Este me parece muy oportuno y necesario… Me voy a holgazanear….
Jaja, muy bien, Francisco, no hagas nada… verás todo lo que sucede.
Hola, encuentro muy acertado el artículo, no podemos estar en nuestra cabeza a solas un maldito minuto sin mirar el aparato ya sea para constatar que ese largo minuto aún no termina de transcurrir… Confieso que me he entregado al sano consejo de «si no quiere salir de la cama no salga» se siente una culpable al principio pero hay que tomarse una valemadrina de vez en cuando, no?
Gracias por este artículo Alma, Saludos.
Y creo que no sólo de vez en cuando, incluso la idea del descanso del fin de semana nos hizo más adictos al trabajo: hay que hacer cantidades industriales de cosas para poder descansar… no, yo creo que tiene más fondo, es un asunto de dejar de tenerle miedo a explorar quiénes somos y eso necesita calma y silencio. Un abrazo.
muy cierto el tema, aprisionados por nuestra incertidumbre de perder lo obtenido, de estar en una competencia permanente donde nos sentimos amenazados y nos entregamos sin reflexión a la responsabilidad irresponsable…
Totalmente, Édgar, la cosa es cómo salir de ello… como encontrar ese momento de sana insensatez para renunciar a lo que cargamos… un abrazo.
Linda reflexión y crucial para estos tiempos. Soy parte de la generación que creció con la tecnología, literalmente. A diferencia de los «nativos digitales» quienes desde bebés ya tienen celular o los mayores que no pudieron adaptarse a ella, mi generación en su juventud experimentó la primera PC, el primer celular, la primera Web. Es decir, tuvimos antes una vida sin tecnología, entonces aprendimos a esperar la novedad con paciencia, la cual podía tardar meses o años en llegar. Alguna vez viví 3 años sin teléfono, pues Telmex no tenía líneas en mi zona, y decidí no tener TV. Fue una maravilla, tenía horas para leer o dibujar, recibía visitas sorpresa y no me quedaba otra opción que esperar sin prisa «algo» que casi siempre llegaba sin buscarlo. También pasé fines de semana bien aburrido. Pero la situación ha cambiado mucho, ahora tenemos prisa de recibir algo nuevo cada 5 minutos durante todo el día. La tecnología a dispersado nuestra mente y no soportamos ver a través de la ventana sin hacer nada. Quizá cuando deje de tener responsabilidades – si eso existe- pienso volver a vivir sin teléfono, tal vez no me agrada, pues también me he vuelto necesitado – no tan adicto – a recibir la «novedad» en el cel o en las redes. Saludos y gracias por el artículo.

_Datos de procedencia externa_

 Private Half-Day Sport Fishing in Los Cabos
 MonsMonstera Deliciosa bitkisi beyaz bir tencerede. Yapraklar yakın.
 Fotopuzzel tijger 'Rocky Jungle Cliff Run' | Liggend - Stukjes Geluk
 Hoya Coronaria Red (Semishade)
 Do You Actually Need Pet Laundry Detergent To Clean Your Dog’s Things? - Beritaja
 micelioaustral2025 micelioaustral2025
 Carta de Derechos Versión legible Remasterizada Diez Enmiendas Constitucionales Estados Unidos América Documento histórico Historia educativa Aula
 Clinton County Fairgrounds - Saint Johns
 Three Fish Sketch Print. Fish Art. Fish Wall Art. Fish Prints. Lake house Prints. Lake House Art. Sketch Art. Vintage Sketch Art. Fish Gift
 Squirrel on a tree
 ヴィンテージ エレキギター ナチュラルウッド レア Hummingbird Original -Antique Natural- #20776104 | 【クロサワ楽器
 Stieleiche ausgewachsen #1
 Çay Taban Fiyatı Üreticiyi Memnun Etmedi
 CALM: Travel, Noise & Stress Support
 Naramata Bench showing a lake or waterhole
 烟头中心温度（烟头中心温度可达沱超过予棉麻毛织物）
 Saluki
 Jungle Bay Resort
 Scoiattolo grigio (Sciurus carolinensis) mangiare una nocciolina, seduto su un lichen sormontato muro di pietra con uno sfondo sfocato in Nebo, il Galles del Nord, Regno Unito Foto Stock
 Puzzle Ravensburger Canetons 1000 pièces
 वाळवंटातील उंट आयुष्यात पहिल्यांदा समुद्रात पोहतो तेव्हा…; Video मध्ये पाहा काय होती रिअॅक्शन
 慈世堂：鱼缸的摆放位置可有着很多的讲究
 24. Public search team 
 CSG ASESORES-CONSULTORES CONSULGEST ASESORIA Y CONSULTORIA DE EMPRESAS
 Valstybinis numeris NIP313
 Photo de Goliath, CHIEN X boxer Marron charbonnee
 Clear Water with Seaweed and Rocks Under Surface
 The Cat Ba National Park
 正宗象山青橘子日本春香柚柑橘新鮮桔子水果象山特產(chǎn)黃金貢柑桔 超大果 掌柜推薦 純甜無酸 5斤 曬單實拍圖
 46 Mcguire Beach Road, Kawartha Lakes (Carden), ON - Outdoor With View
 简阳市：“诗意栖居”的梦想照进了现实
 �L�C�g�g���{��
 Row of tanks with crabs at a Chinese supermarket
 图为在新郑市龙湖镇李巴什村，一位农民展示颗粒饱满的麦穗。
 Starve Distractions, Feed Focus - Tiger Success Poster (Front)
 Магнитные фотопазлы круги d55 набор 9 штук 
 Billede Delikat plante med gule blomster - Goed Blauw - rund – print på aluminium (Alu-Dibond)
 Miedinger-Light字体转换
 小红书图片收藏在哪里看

Gracias a ti por tu lectura, David… ya sé, todos tenemos la fantasía de vivir sin teléfono… te mando un abrazo.
Qué falta nos hace encontrar el valor que existe en el noble silencio. Lo más poderoso que he encontrado es la meditación Vipassana, donde solo se trata de respirar, el único apoyo esencial para ser y estar.
Es que el silencio da mucho miedo… también he intentado la meditación Vipassana, mi otra forma de meditar en movimiento es cuando corro. Abrazo, Roberto.
Entender y aceptar que hay que escuchar. No hay ni bueno ni malo. Pienso que la vida tiene múltiples tintes que van más allá de lo binario. Así, creo que aceptamos nuestra esencia de humanos.
Gran reflexión. Muchas gracias.
Gracias a ti por leer.
Hace algún tiempo, algunos de los pocos invitados a mi casa recibían como premio de consolación por aguantarme, un sharpie para escribir en la pared del baño lo que les saliera de la cabeza o del corazón (lo que les salía de los otros interiores afortunadamente ya habían sido civilizadamente depositados en otra parte del mismo baño). Entre citas, albures, pensamientos y dibujos, una amiga me escribió esto de Monterrosso, vía Juan Villoro: » Si no sabes adónde vas, detente, mira el techo, cuenta hasta diez, bebe un whisky. Las historias avanzan del final al principio. Si ya conoces el final, también detente. Las historias no tienen prisa». Me encantó. Se me pegó en la cabeza y aún a riesgo de volverme alcohóloco (casi nunca sé a donde voy), cada vez que me acuerdo de ello, trato de hacerle caso a la cita.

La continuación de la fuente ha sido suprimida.